Comment je peut être honteuse et très fière à la fois à Bienne
Purée, mais il est ou le problème?
Je n'arrive pas à comprendre : pourquoi y'a-t-il tant de monde pour encourager les basketteurs, par exemple, et pratiquement personne pour encourager nos hockeyeuses ?
Hier, en fin d'après-midi, il y avait une trentaine de spectateurs,enfants compris, qui s'étaient donné la peine de monter jusqu'au terrain.. c'est tout.
Alors que, c'était un match de demi-final et que l'album photo que j'ai fait sur une des joueuses et sa préparation avant le match a battu tout mes records d'audience, avec plus de 590 personnes qui ont cliqué sur la photo ci-dessus en passe de devenir culte.
Elle représente Mélanie Anken, fille du célèbre Olivier, dont chaque biennois qui se respecte connais le parcours exemplaire avec son coach. Mais c'est un autre sujet, revenons à nos moutons.
Moutons qui garnissent les gradins des salles du Strandboden et chats qui désertent ceux du Mettmos.
-Euh..il n'y a pas de gradins au Mettmos.
Ah mais voilà pourquoi! le mystère est résolu : le public sportif est contradictoirement très flemme!
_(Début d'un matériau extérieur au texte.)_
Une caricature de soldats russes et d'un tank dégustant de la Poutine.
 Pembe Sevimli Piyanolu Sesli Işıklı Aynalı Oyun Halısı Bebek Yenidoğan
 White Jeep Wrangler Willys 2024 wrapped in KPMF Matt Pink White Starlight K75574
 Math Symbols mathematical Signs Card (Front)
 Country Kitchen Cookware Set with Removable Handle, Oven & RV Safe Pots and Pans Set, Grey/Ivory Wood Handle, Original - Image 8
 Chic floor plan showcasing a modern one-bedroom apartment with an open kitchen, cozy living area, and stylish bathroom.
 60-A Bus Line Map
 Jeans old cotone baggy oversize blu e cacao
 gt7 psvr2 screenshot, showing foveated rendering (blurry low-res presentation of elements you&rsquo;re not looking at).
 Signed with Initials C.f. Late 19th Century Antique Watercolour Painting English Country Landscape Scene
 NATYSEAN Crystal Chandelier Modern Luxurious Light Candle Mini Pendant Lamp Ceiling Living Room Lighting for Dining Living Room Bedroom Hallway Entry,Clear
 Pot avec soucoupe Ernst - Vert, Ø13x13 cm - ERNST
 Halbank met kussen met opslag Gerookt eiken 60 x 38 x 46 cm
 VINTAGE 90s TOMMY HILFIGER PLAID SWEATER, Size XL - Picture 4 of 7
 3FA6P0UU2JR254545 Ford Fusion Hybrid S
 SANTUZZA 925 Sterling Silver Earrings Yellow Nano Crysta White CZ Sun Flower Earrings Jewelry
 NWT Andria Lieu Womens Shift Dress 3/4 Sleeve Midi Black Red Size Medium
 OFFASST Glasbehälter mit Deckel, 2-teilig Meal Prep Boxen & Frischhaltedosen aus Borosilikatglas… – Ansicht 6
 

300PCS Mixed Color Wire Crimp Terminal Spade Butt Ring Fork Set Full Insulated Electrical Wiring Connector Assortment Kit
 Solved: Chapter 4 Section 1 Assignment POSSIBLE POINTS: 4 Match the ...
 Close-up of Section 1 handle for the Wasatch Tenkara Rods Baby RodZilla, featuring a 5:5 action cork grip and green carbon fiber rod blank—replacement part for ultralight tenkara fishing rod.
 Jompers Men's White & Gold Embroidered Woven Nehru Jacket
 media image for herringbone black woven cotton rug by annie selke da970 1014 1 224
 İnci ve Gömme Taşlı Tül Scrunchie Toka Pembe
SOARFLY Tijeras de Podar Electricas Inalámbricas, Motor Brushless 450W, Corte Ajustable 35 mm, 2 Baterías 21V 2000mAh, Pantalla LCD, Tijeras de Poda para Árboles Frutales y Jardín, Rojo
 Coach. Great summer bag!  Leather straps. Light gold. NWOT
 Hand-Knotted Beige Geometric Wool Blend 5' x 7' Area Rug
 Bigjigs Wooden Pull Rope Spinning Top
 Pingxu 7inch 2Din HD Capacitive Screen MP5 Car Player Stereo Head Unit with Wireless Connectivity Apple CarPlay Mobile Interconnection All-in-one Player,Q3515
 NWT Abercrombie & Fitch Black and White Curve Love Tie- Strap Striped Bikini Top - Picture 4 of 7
Il lui faut un banc douillet pour pose ses fesses.
Douillet et couvert.
Bon, j’admets, pour rester presque deux heures sous la pluie, il faut les aimer nos hockeyeuses!
Je vais peut-être poser une question stupide, mais pourquoi ?
N'y a-t-il pas assez d'argent dans nos caisses pour encourager ce sport, et construire une jolie salle bien équipée? avec des vrais vestiaires, des vrais douches? et recevoir l'équipe adverse ailleurs que dans une cabane de chantier ?
Pourtant, il suffit de s'approcher, d'écouter, de demander pour être épaté par toutes les valeurs et la valeur transmises dans la pratique de ce genre de hockey.
-Oui, mais là, c'est des fiiiiiiiiiiiiiiiiilles...
Et alors ?
Vous croyez qu'elles se font les ongles entre deux passes ?
Elles patinent, foncent et se battent avec une détermination farouche qui fait plaisir à voir.. à condition de faire l'effort.
Quand je pense que le spectacle est gratuit.
C'est honteux.
Honteux de la part de la ville de ne pas leur donner plus de moyens.
Bon décidément, je crois que je vais faire de la politique..
Mais il faudra que je fonde mon propre parti.
En attendant, je suis fière , quand même, que dans ma ville que j'aime tant, il y aie des jeunes femmes si valeureuses.
Si on était en Amérique, je ferais une émission de télé-réalité sur elles.
Il y a tout les ingrédients d'une bonne série : des personnalités fortes, de l'émotion, de la niaque.. et en plus elles sont belles.
Samedi, les tessinoises ont été les plus fortes, sur le terrain.
Mais je n'ai pas ressenti chez elles cette soeuralité, cet esprit sportif, ce panache qui caractérise nos hockeyeuses.
Elles se sont battu , jusqu'au bout, repoussant les attaques, marquants encore et encore contre une équipe adverse hyper-efficace..
Jusqu'à la fin.
Et tandis que je rentrais à la maison, sur mon cheval d'aluminium, je me sentais un peu meilleure.
Parce qu'elles sont contagieuses, nos hockeyeuses.